This is what flying Ikhana is like, almost. The setup above is a simulator, and includes features that you won’t find in an actual Predator control station, like a wide angle forward view. At Dryden, they experiment with things like this to see how valuable different cameras or data might be to remote pilots. In other words, they’re trying to figure out what displays a drone pilot needs to effectively operate in national airspace.
When flying Ikhana around Dryden, pilots get to use a very low-latency radio connection for direct control using a joystick, just like in a video game. Away from Dryden, Ikhana is communicated with over a satellite connection, and flies autonomously via waypoint control. It’s still possible to use a joystick to control the drone in an emergency, but the 1.5 second latency makes it “basically unflyable.” Pilots practice it anyway, though, just in case there’s an emergency and they need to land the drone by hand.

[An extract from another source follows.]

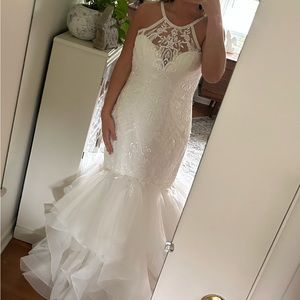 Mori Lee, trumpet style, ruffle, sequin, and lace wedding dress or gown - Size 8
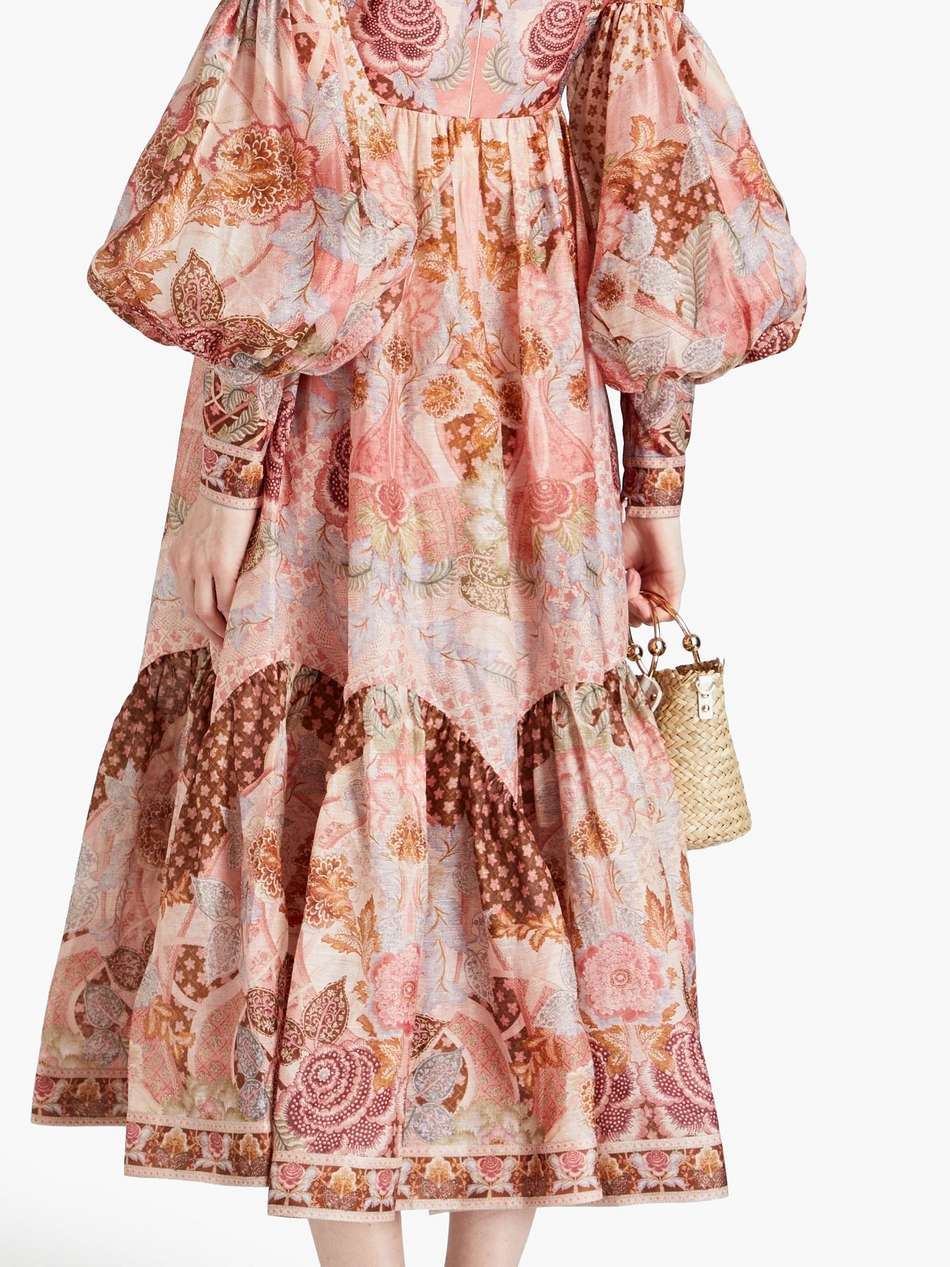 tulle-paneled floral-print linen and silk-blend midi dress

This particular aircraft was the very first Global Hawk ever made, and had its first flight back in 1998. It’s quite a performer, though, able to cruise at 65,000 feet with a range of about 11,000 nautical miles. Even while based out of Dryden, it has no problem heading into the Atlantic or the Caribbean for extended weather monitoring, coming back home up to 30 hours later.
With a wingspan of 116 feet (that’s longer than a basketball court), the Global Hawk has nearly the same wingspan as a Boeing 737, and it can haul 1,500 pounds of payload, including deployable sensors that it can drop into particularly bad weather. For the last month or so, NASA has been partnering with NOAA’s National Hurricane Center to forecast hurricanes in the Gulf of Mexico.